Entries provided Block Start

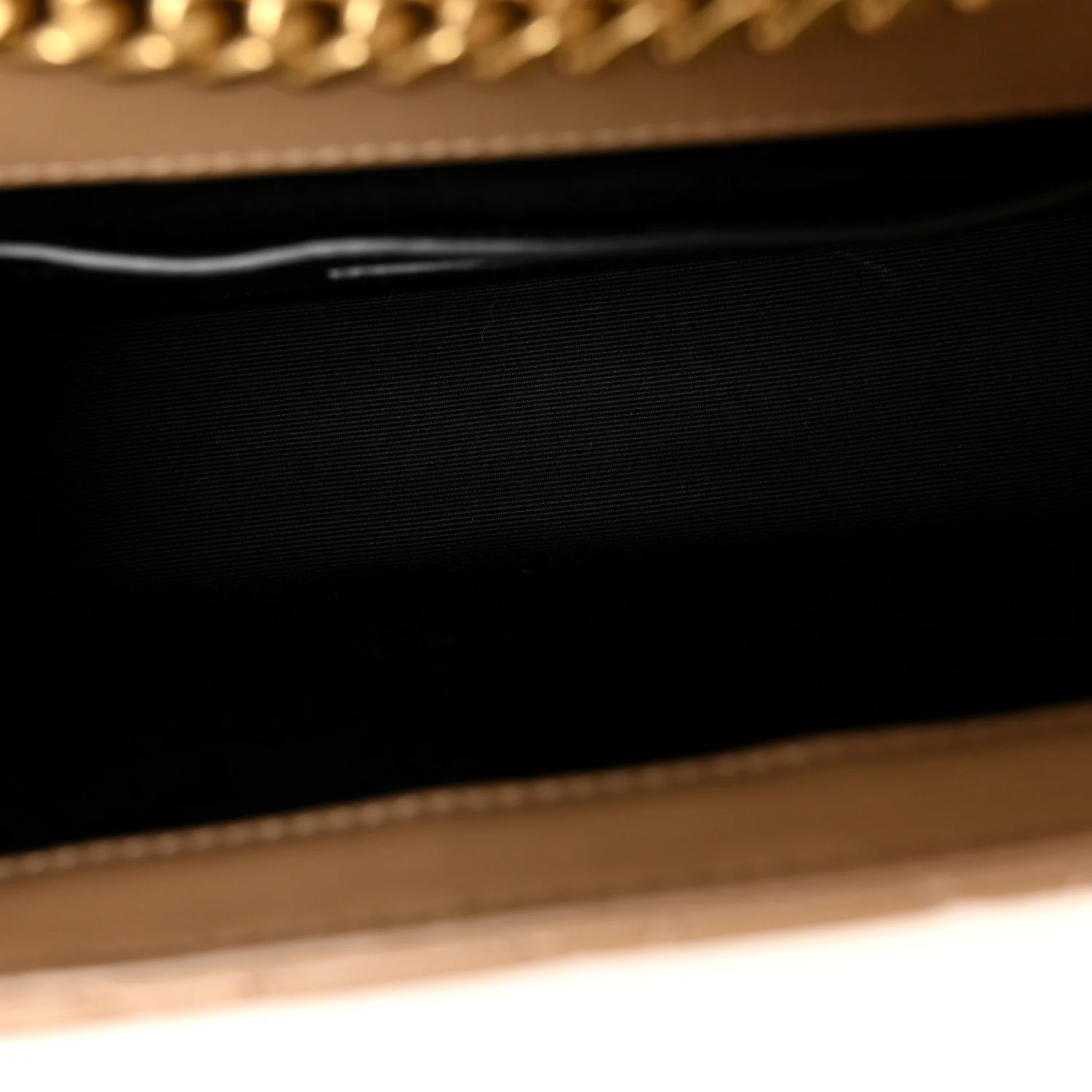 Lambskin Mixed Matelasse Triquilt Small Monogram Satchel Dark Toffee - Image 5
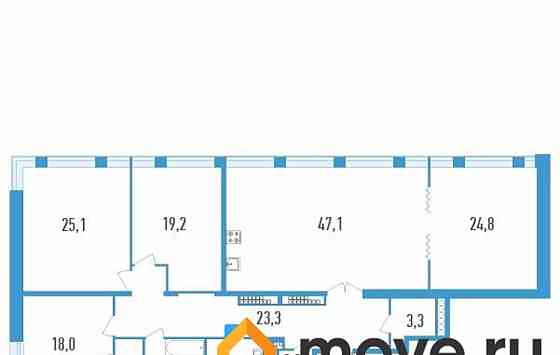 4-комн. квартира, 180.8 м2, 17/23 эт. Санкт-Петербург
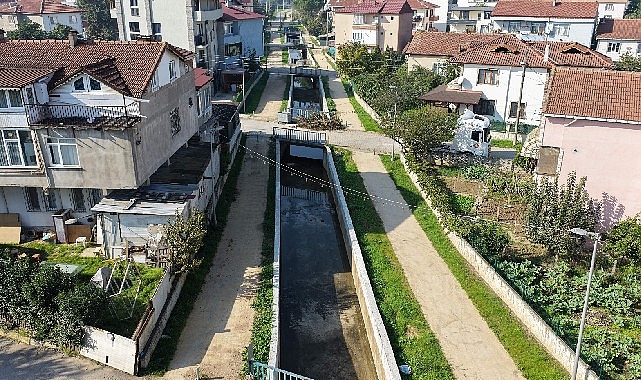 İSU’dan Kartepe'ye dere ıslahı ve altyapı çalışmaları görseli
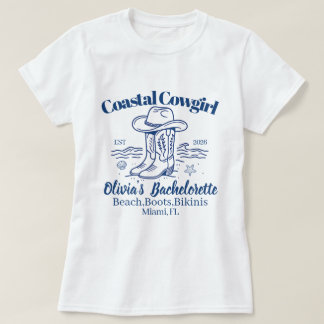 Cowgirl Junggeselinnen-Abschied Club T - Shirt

Entries provided Block End
Entries provided Block Start

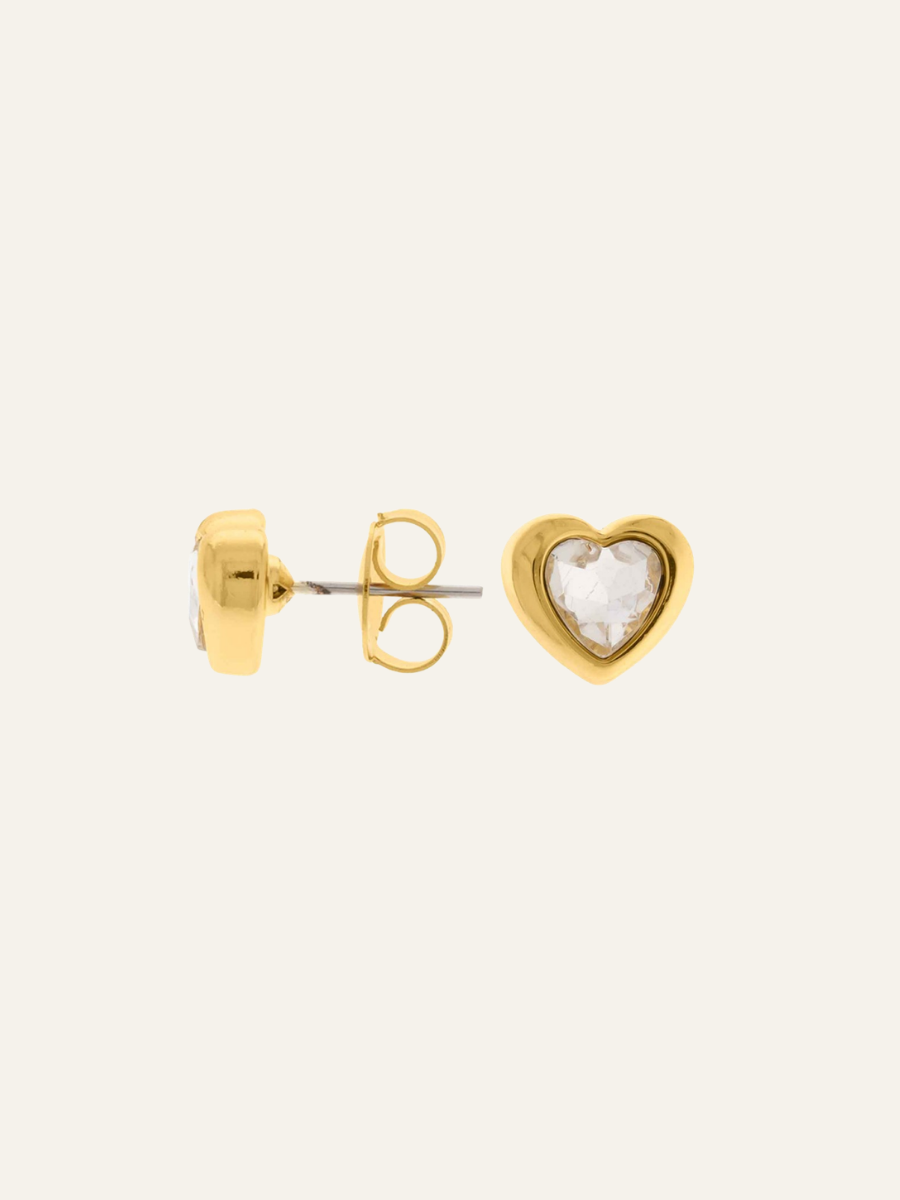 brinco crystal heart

Entries provided Block End

## What is required
Of the records above, print only the lines from the one containing "Lambskin Mixed Matelasse" through the one containing "Cowgirl Junggeselinnen-Abschied Club", inclusive and unaltered, leaving out pictures.

## Response to the exercise
 Lambskin Mixed Matelasse Triquilt Small Monogram Satchel Dark Toffee - Image 5
 4-комн. квартира, 180.8 м2, 17/23 эт. Санкт-Петербург
 İSU’dan Kartepe'ye dere ıslahı ve altyapı çalışmaları görseli
 Cowgirl Junggeselinnen-Abschied Club T - Shirt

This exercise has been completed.